Industry Shake-Up Sparks Career U-Turns
Jessi Walter loved her job as vice president of credit strategy at Bear Stearns. The work was interesting, she enjoyed her colleagues, and she was well compensated.
But she also loved cooking with her boyfriend's two young nieces.
In June, when Walter, 27, found herself one of the 10,000 people laid off after Bear Stearns was acquired by JPMorganChase, she didn't panic. She started a business.
Cupcake Kids!, which provides cooking events for children, was born in the two months preceding the arrival of Walter's proverbial pink slip, a period when she joined "everyone else, watching the events on the news."
Today, everyone on Wall Street is still watching the events on the news. With major banks, mortgage companies and insurers in crisis mode, those working in finance can't help but wonder about their careers going forward. Undoubtedly, many are thinking of change, says career consultant Paula Kosin.
"Sometimes people who have been making good money and are in a good work situation - but don't really enjoy it - go along with the flow. They don't have any reason to make a career change," Kosin explains. "For some, it can be devastating to be out of work. For others, such situations present an opportunity of a lifetime."

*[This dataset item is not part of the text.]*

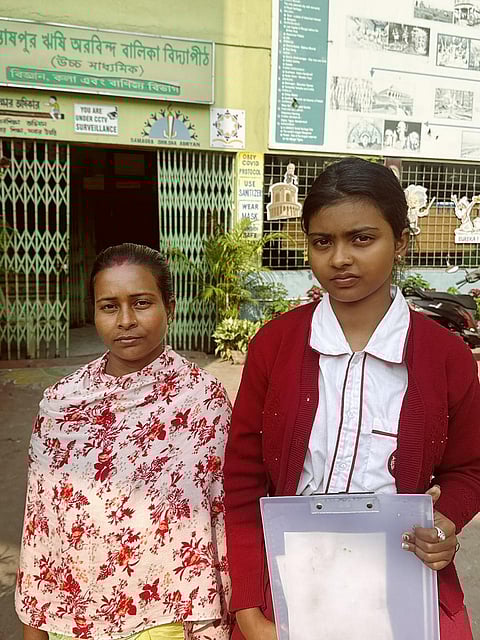 अपनी मां के साथ छात्रा कोयल मंडल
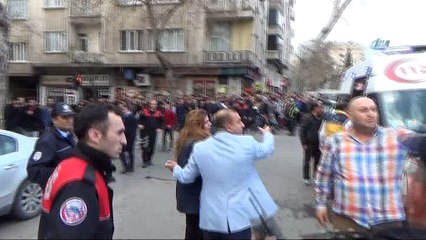 Freni patlayan halk otobüsü böyle yan yattı: 29 yaralı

The Educational Detour Option
In fact, many Wall Street professionals are seeking out new career directions, even if they currently have jobs.
Scott Shrum, director of admission consulting research for Veritas Prep, a leading GMAT prep and MBA admissions consulting firm, says in the past week alone he has seen the percentage of inquiries from people in financial services surge from 30 percent to 60 percent. The number of those with e-mail addresses from Bear Stearns and Lehman Brothers has tripled.
Some of these people had planned to attend business school in several years, and a layoff or bleak job market inspired them to accelerate their plans. Others, however, have seen the crisis as an opportunity to pursue paths entirely outside of Wall Street. Social entrepreneurship tops the list.
"Every year we meet people who say they want to" start a socially conscious business or non-profit, and "sometimes it feels like they're just paying it lip service," Shrum says. "After all, it's hard to turn down a $200,000 Wall Street job when you're 25. Now they realize their job may go away, and in two years, after business school, there may not be one there for their taking. They see this as an opportunity to do what they always wanted."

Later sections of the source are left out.